The University of Minnesota offers a comprehensive benefits package including:
Competitive wages, paid holidays, vacation and sick leave
Low cost medical, dental, and pharmacy plans
Health care and dependent daycare flexible spending accounts
Excellent retirement plans with employer match
Disability and employer paid life insurance
Wellbeing program with reduced insurance premiums
Tuition reimbursement opportunities covering 75%-100% of eligible tuition
Student loan forgiveness opportunity
Opportunities for growth and promotion
Employee Assistance Program
For more information regarding benefits: https://humanresources.umn.edu/sites/humanresources.umn.edu/files/2018_tcd-cslr-75100-ben-0105-7.pdf
Required Qualifications (Must be documented on application materials/resume): • BA/BS in a health related field plus four years of relevant research experience; Advanced degree in a health related field plus two years of relevant research experience; or a combination of related education and work experience totaling eight years. • Demonstrate experience initiating and performing a research project, including regulatory management. • Direct experience recruiting, consenting, and interacting with human subjects; proven track record with retaining study subjects. • Demonstrated experience in supervising or leading a research team; ability to oversee team members and delegate study tasks appropriately. • Computer proficiency and ability to navigate multiple software applications; experience with computerized data management; experience reviewing and abstracting from medical records. • Proved detail-oriented with exceptional organizational, planning and problem-solving skills. • Demonstrated ability to maintain deadlines and prioritize assignments. • Excellent written, verbal and interpersonal skills; demonstrated writing skills in a technical or medical setting. • Knowledge of Good Clinical Practices (GCPs), and federal regulations related to clinical research. • Ability to work flexible work hours, including some early mornings, evenings, and weekends. • Willingness to visit regional affiliate sites as needed. • Ability to stand or walk (including stairs) for up to 2.5 hours, reach above shoulders, lift up to 10 pounds above the shoulder, and carry packages across campus at waist level.

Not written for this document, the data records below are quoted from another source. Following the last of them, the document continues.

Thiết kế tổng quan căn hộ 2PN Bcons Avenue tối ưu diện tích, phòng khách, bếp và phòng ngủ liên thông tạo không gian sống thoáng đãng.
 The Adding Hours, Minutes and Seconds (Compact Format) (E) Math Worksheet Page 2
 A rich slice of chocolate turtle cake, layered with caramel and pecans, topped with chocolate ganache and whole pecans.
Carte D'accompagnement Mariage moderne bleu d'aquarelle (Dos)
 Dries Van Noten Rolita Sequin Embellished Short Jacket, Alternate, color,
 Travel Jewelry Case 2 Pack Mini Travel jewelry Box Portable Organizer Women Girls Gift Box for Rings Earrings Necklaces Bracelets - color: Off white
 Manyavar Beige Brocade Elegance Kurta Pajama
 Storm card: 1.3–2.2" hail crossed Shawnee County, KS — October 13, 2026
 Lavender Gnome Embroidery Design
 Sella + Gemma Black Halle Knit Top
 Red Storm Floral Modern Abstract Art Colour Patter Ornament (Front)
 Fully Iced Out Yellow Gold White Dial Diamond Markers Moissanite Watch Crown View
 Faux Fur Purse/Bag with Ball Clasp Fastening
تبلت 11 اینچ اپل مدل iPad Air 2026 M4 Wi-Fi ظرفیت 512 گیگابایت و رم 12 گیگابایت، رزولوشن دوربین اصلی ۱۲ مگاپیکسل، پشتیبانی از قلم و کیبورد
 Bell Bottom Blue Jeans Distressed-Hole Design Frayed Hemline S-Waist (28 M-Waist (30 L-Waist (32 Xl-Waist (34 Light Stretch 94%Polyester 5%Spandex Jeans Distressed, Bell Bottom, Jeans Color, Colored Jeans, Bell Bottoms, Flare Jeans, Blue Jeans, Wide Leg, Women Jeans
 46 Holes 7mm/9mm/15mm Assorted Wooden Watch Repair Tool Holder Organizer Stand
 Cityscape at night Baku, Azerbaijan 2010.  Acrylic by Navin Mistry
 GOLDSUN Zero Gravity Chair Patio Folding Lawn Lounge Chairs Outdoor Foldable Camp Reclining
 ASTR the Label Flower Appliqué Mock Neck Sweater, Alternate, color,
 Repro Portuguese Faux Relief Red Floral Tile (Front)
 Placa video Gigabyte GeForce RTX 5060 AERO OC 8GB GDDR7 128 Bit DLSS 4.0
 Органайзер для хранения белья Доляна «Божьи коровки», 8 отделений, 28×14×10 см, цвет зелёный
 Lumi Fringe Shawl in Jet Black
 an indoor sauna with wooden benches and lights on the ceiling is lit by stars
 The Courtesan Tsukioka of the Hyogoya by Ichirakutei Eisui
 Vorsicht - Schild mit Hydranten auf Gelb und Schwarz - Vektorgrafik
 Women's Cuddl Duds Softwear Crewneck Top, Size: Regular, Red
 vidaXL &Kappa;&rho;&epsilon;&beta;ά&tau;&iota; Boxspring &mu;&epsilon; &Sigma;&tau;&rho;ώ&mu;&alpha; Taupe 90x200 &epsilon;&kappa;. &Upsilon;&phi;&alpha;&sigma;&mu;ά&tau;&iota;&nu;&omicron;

Preferred Qualifications: • Clinical research certification and/or advanced training • Experience collecting, processing, and shipping human specimens for research • Working knowledge of UMN research policies, procedures, resources, and systems • Experience performing physical evaluations and procedures, such as vital signs, EKGs, phlebotomy
Internal Number: 327579
About University of Minnesota, Twin Cities
The University of Minnesota, founded in the belief that all people are enriched by understanding, is dedicated to the advancement of learning and the search for truth; to the sharing of this knowledge through education for a diverse community; and to the application of this knowledge to benefit the people of the state, the nation, and the world.